## ASSIGNMENT
The listing that follows should be copied in full and exactly, with no pictures.
---*---
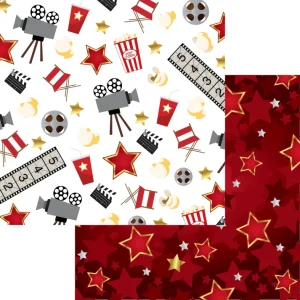 SSC Designs - Movie Time Collection - Roll The Cameras - 12 x 12 Double Sided Scrapbook Paper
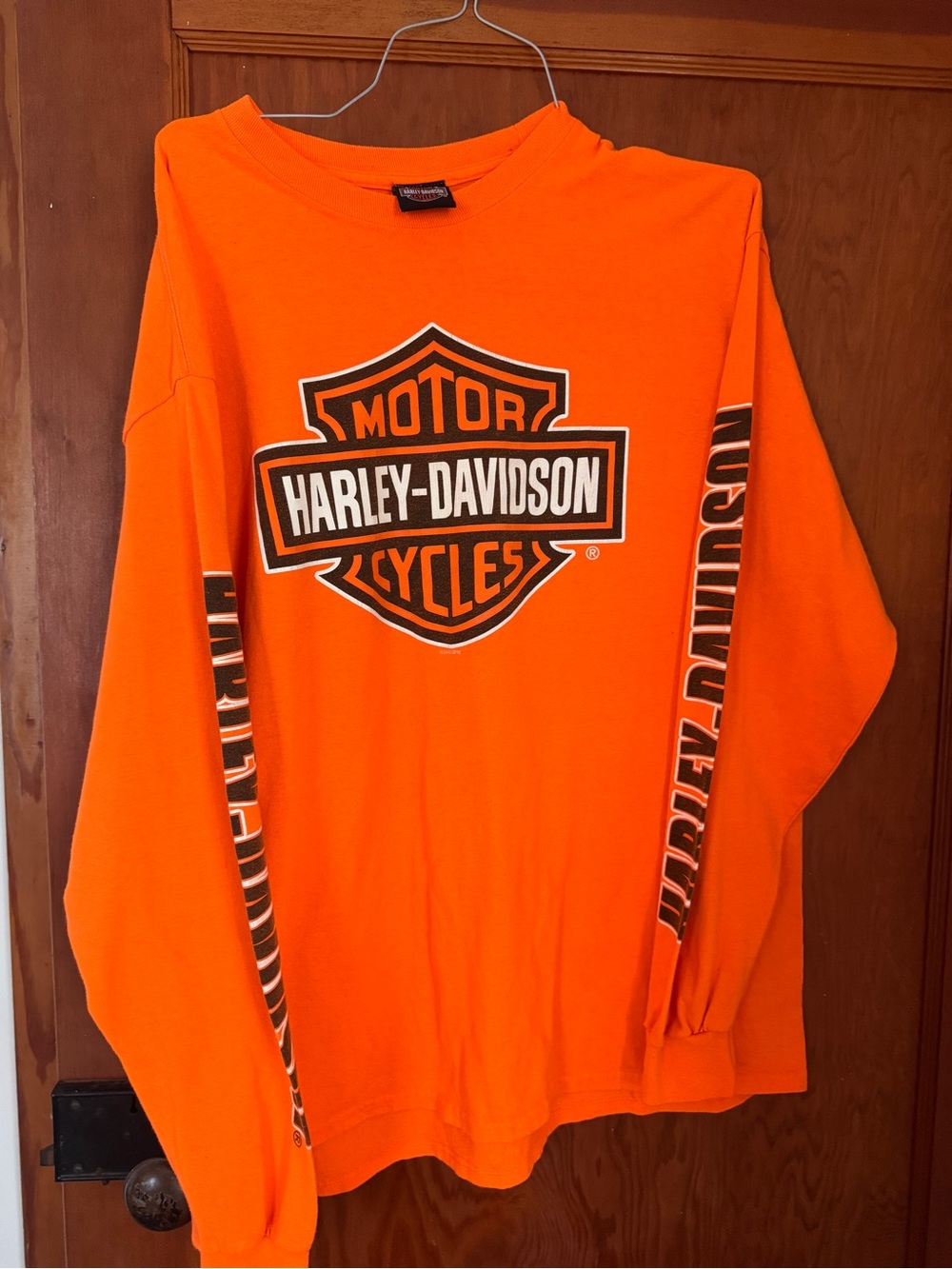 Harley-Davidson Orange Long Sleeve Logo Tee with Sleeve Graphics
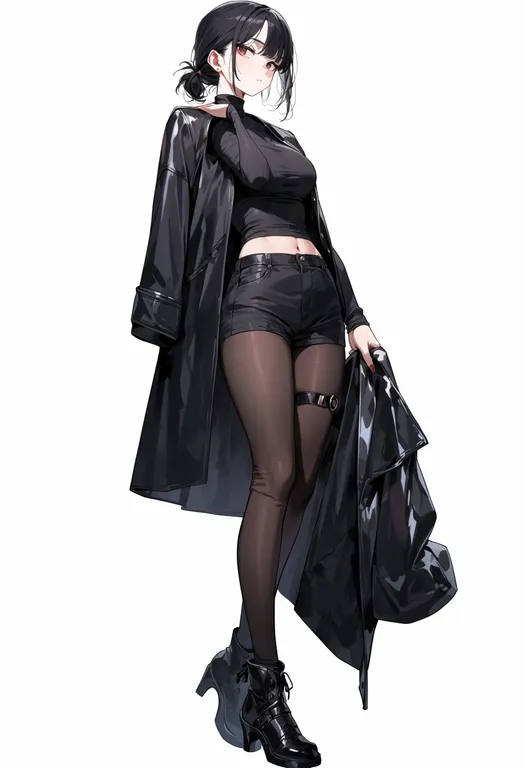 masterpiece, best quality, score_7, safe, holding jacket, 1girl, solo, simple background — by k3scat, made with ComfyUI
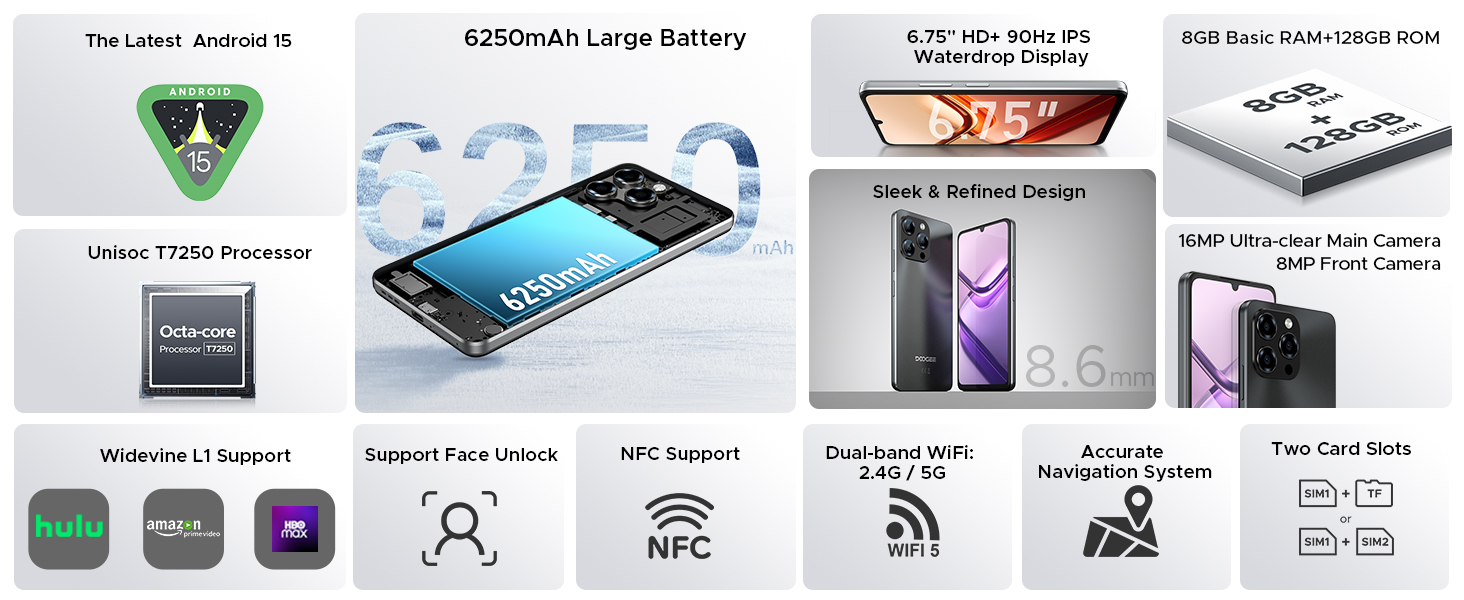 DOOGEE Note58 Android 15 Phone, Unlocked Phone with 32GB+128GB, 6.75&#34; HD+ 90Hz , 6250mAh Battery
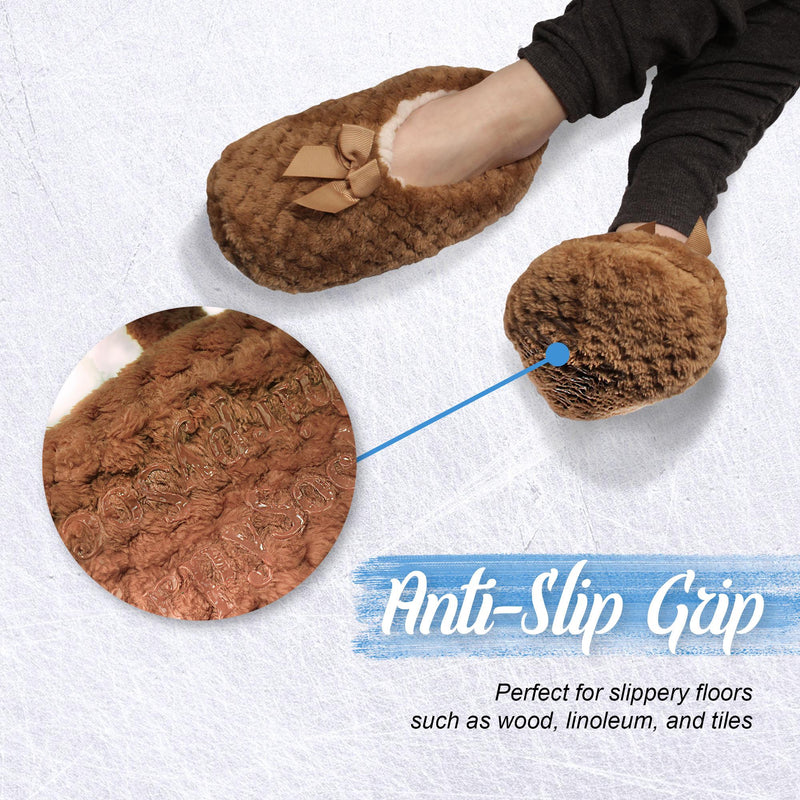 fuzzy soft slippers socks anti grip infographic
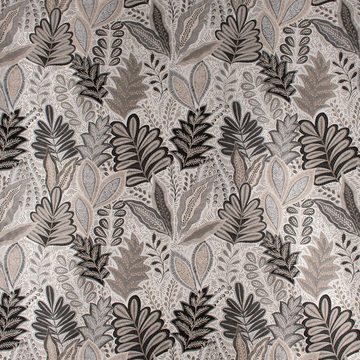 SCHÖNER LEBEN. Stoff Dekostoff Jacquard Metallic Botanic Arty Blätter silber grau 1,4m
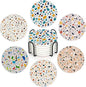 6 Pcs Coasters for Drinks with Holder, Terrazzo Marble Absorbent Ceramic Coasters with Cork Base,Cute Funny Table Drinks Coasters Tabletop Protection Mat,Table Home Decor,4 Inches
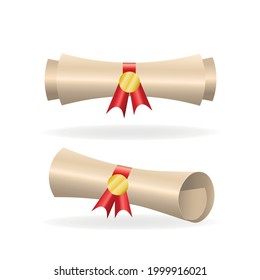 Realistic diploma scroll. 3D Rolled diploma scroll with stamp and red ribbon. Different views of rolled diplomas. Finish education concept. Graduation diploma illustrations. Vintage scroll papers. 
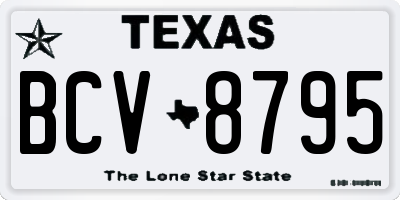 TX license plate BCV8795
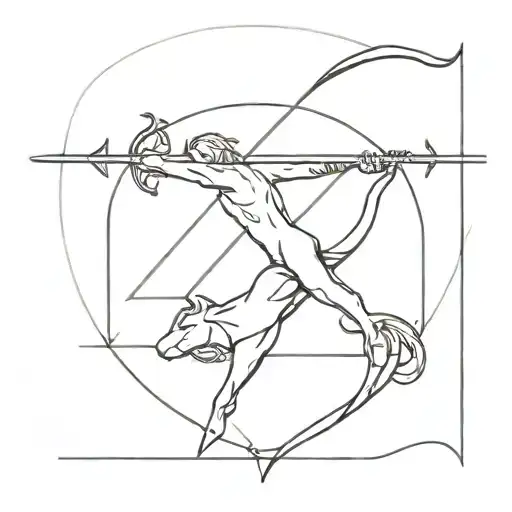 sagittarius with leviathan cross tattoo design idea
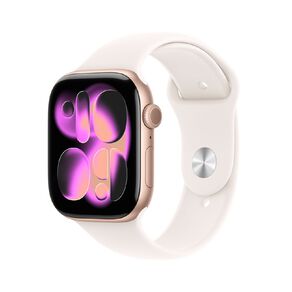 Apple Watch Series 11 GPS 46mm Rose Gold Aluminium Case with Light Blush Sport Band M/L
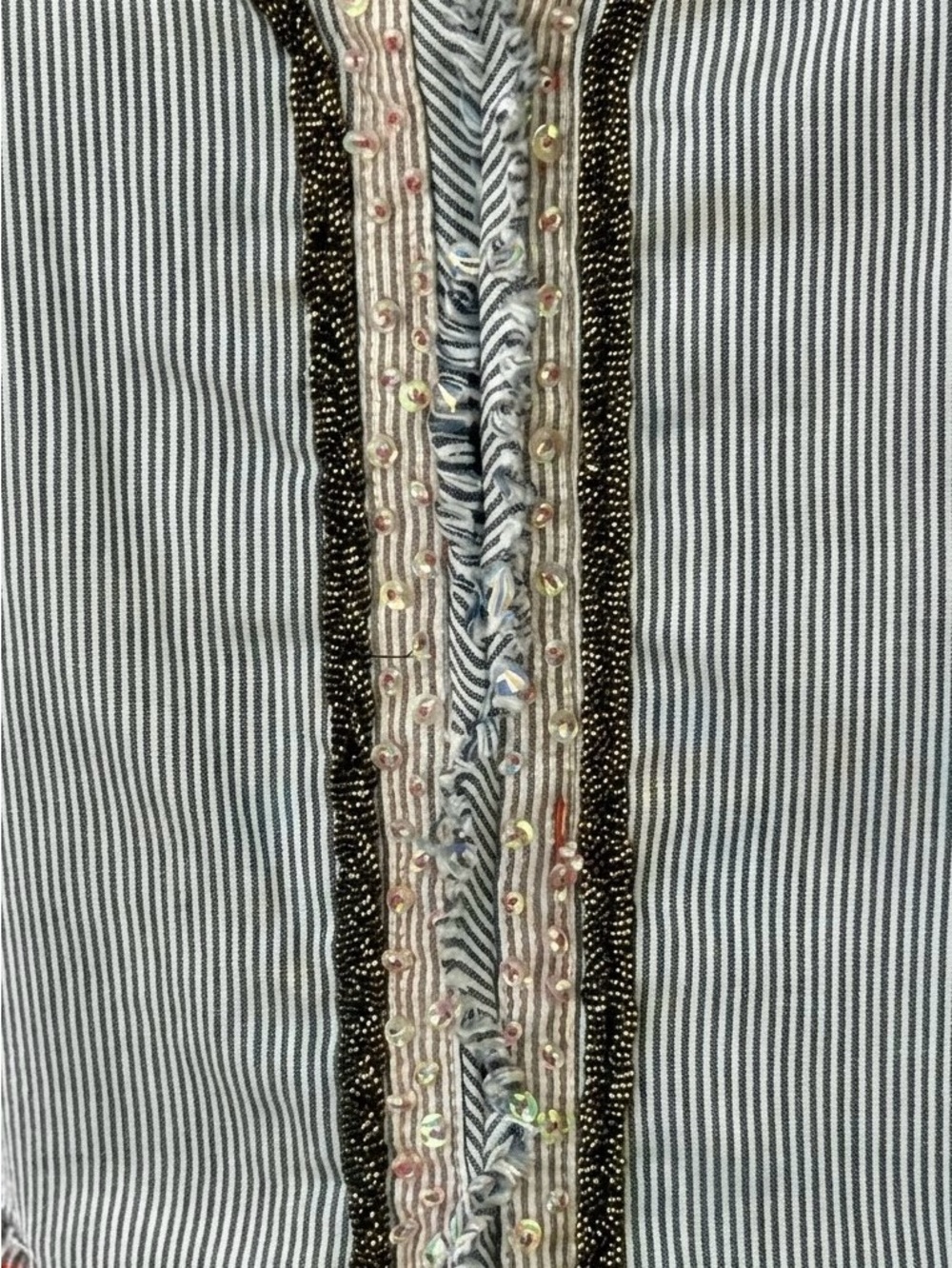 Free People My Fair Lady Cropped Pinstripe Jacket - Beaded Boho Blazer Sz 10 - Picture 7 of 9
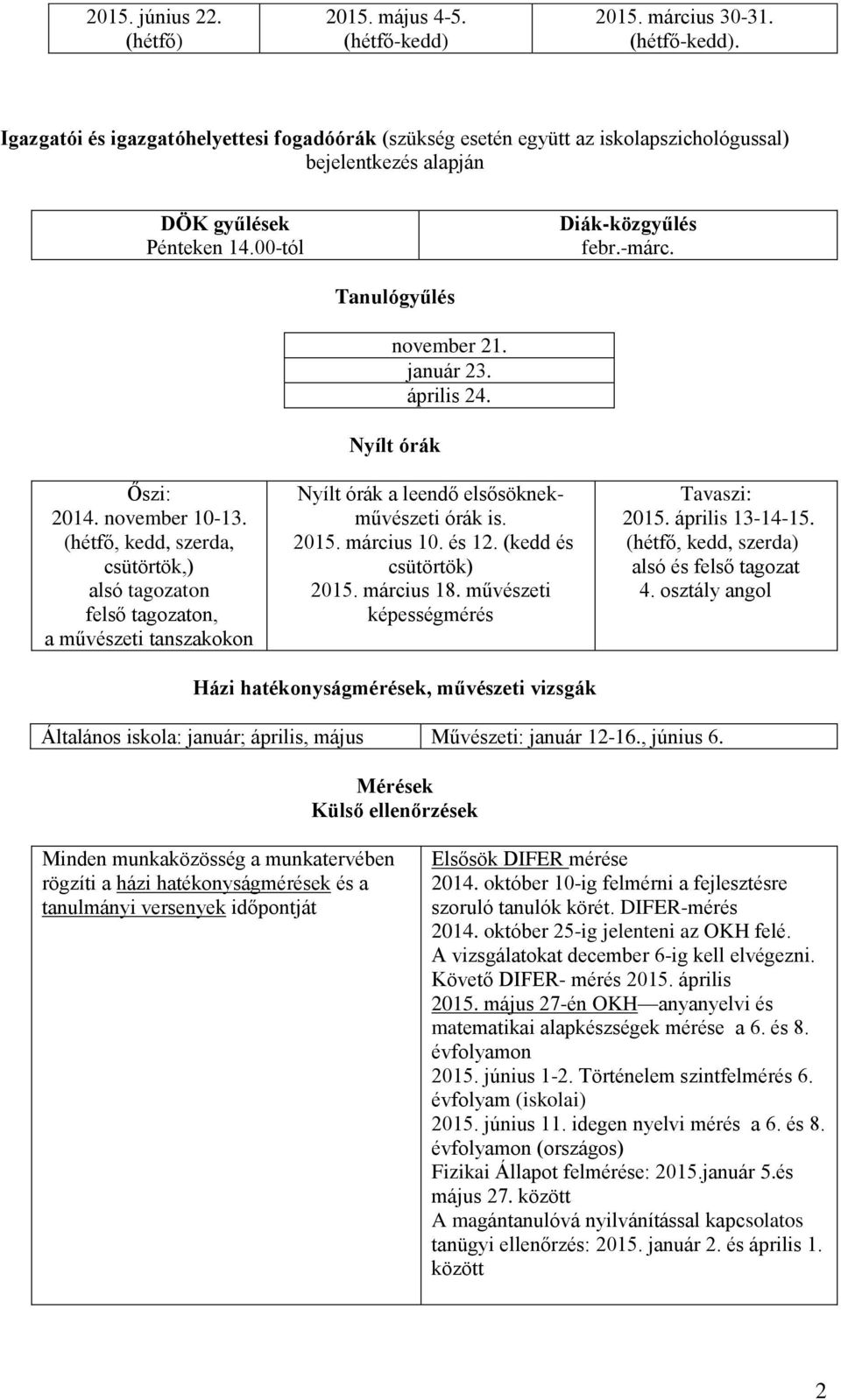 Nyílt órák Nyílt órák a leendő elsősöknekművészeti órák is. 2015. március 10. és 12. (kedd és csütörtök) 2015. március 18. művészeti képességmérés Tavaszi: 2015. április 13-14-15.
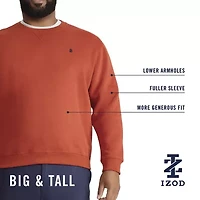 IZOD Advantage Performance Colorblock Mens Crew Neck Long Sleeve Big and Tall Sweatshirt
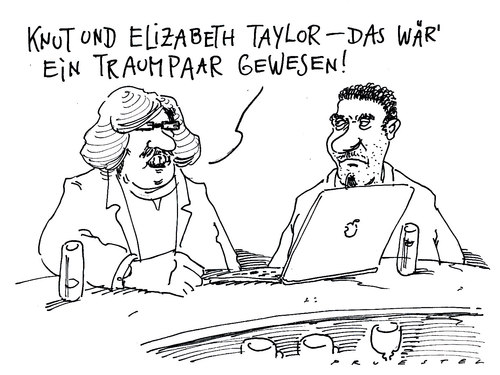 Cartoon: traumpaar (medium) by Andreas Prüstel tagged eisbär,knut,elizabethtayler,tod,kino,hollywood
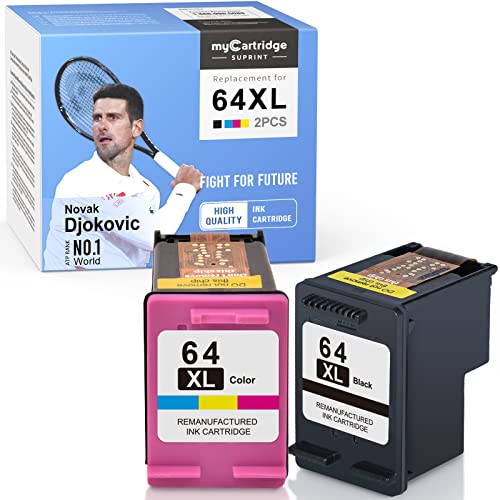 myCartridge SUPRINT Remanufactured Ink Cartridge Replacement for HP 64 XL 64XL for Envy 7855 7858 7155 5542 6255 Printer Black Color (2 Pack)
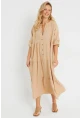Kadın Salaş Midi Elbise Camel Q982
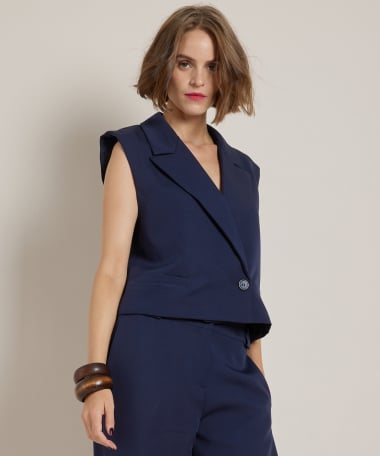 kort gilet met knoopsluiting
---*---
## TASK RESPONSE
 SSC Designs - Movie Time Collection - Roll The Cameras - 12 x 12 Double Sided Scrapbook Paper
 Harley-Davidson Orange Long Sleeve Logo Tee with Sleeve Graphics
 masterpiece, best quality, score_7, safe, holding jacket, 1girl, solo, simple background — by k3scat, made with ComfyUI
 DOOGEE Note58 Android 15 Phone, Unlocked Phone with 32GB+128GB, 6.75&#34; HD+ 90Hz , 6250mAh Battery
 fuzzy soft slippers socks anti grip infographic
 SCHÖNER LEBEN. Stoff Dekostoff Jacquard Metallic Botanic Arty Blätter silber grau 1,4m
 6 Pcs Coasters for Drinks with Holder, Terrazzo Marble Absorbent Ceramic Coasters with Cork Base,Cute Funny Table Drinks Coasters Tabletop Protection Mat,Table Home Decor,4 Inches
 Realistic diploma scroll. 3D Rolled diploma scroll with stamp and red ribbon. Different views of rolled diplomas. Finish education concept. Graduation diploma illustrations. Vintage scroll papers. 
 TX license plate BCV8795
 sagittarius with leviathan cross tattoo design idea
 Apple Watch Series 11 GPS 46mm Rose Gold Aluminium Case with Light Blush Sport Band M/L
 Free People My Fair Lady Cropped Pinstripe Jacket - Beaded Boho Blazer Sz 10 - Picture 7 of 9
 Nyílt órák Nyílt órák a leendő elsősöknekművészeti órák is. 2015. március 10. és 12. (kedd és csütörtök) 2015. március 18. művészeti képességmérés Tavaszi: 2015. április 13-14-15.
 IZOD Advantage Performance Colorblock Mens Crew Neck Long Sleeve Big and Tall Sweatshirt
 Cartoon: traumpaar (medium) by Andreas Prüstel tagged eisbär,knut,elizabethtayler,tod,kino,hollywood
 myCartridge SUPRINT Remanufactured Ink Cartridge Replacement for HP 64 XL 64XL for Envy 7855 7858 7155 5542 6255 Printer Black Color (2 Pack)
Kadın Salaş Midi Elbise Camel Q982
 kort gilet met knoopsluiting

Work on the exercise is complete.